Not so cunning stunts

In her latest Blog, Jo Phillips reflects on Just Stop Oils latest protest, the politicisation of environmental concerns and the difficultly of striking a balance when it comes to implementing green initiatives.

Orange powder thrown across Stonehenge, that ancient monument that for centuries has inspired and mystified millions. To many people, the stones represent a connection with age old rites, nature, the cosmos and a greater spirituality. What could Stop Oil possibly gain from its infantile protest that could have damaged rare lichen or even the stones themselves? Yes, they’ve made the news and their actions are being debated but that debate has been seized on by the climate change deniers, the anti-woke brigade and the usual suspects which does absolutely nothing to encourage sensible conversations about climate change, fossil fuels and the fragile future of the planet.

The protesters have manged to unite JK Rowling, Rishi Sunak, Sir Keir Starmer, English Heritage and most public opinion in condemning the stunt. Dale Vince, the green energy entrepreneur (and Labour party donor) used to fund Just Stop Oil but stopped doing that and uses his money and influence instead to encourage people to vote. Last year, Trevor Neilson the American entrepreneur who funded JSO and Extinction Rebellion pulled the money plug, saying their activism was ‘performative’, unproductive and more likely to alienate people it could be winning over.

Certain factions of the media and many politicians stoked the furore over ULEZ and low traffic neighbourhoods so it became framed as a war on motorists instead of a war on toxic air and a public health measure.

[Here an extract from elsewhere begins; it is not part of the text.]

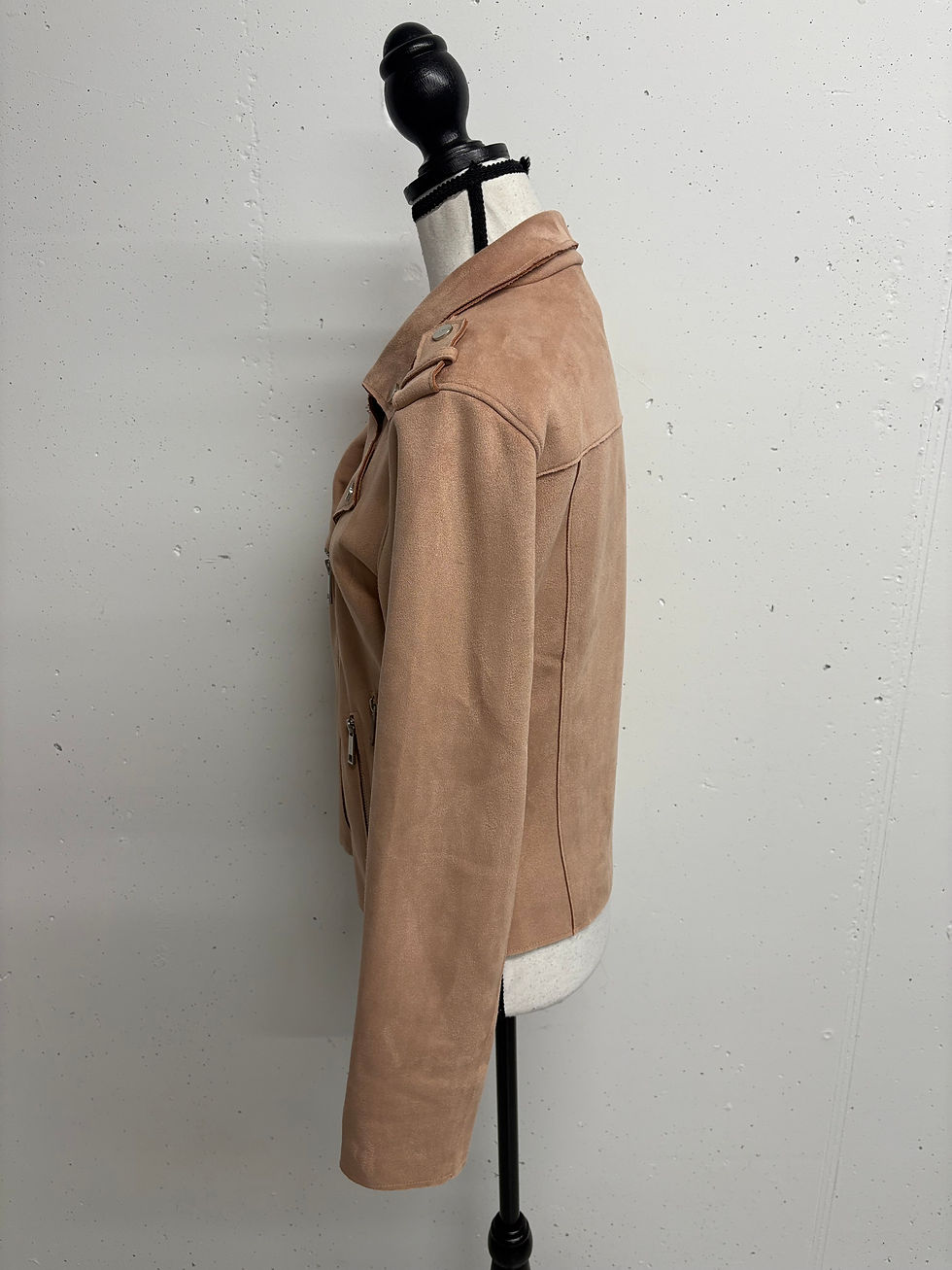 Miniaturbild: Hellbraune Wildlederjacke auf Schaufensterpuppe.  Seitliche Ansicht eines Kleidungsstücks.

Constant attacks from the right and claims about the cost or efficacy of green energy and moves towards net zero have made many, including the Labour party, cautious about burnishing their green credentials. And if those who seek to champion the cause are seen as predominantly middle class, white and oh so smug as they disrupt and attack flower shows, sporting events, works of art and ancient stones then that caution will lead to delay when we need urgent and brave measures. If there is the usual sea of discarded tents, plastic and other rubbish after this summer’s festivals, it will play into the narrative of hypocrisy among young people and protesters who are happy to disrupt travel and attack ancient monuments but can’t leave a field as they found it.

Meanwhile, something far more important has happened on the climate front because a landmark ruling by the supreme court means that planning approval bodies must consider the climate impact of burning coal, oil and gas and while it doesn’t prevent public bodies from approving projects with a big climate impact, it strengthens the case for refusal.

The case was brought by campaigner Sarah Finch, challenging Surrey County Council’s decision to extend planning permission for an oil drilling well. The decision will have an impact, particularly if a new government strengthens the law to support it and it’s the result of a long, time consuming and detailed legal battle. No stunts, just using the law and the force of well supported argument.

But, Just Stop Oil are only following the many stunts of Boris Johnson, the worst of which was his oven ready Brexit deal when he hadn’t even plucked the chicken. And the biggest stunt of all, Nigel Farage who may end up as MP for Clacton unless voters there realise they’re the fall guys.

You can do your own rhyming slang should you wish.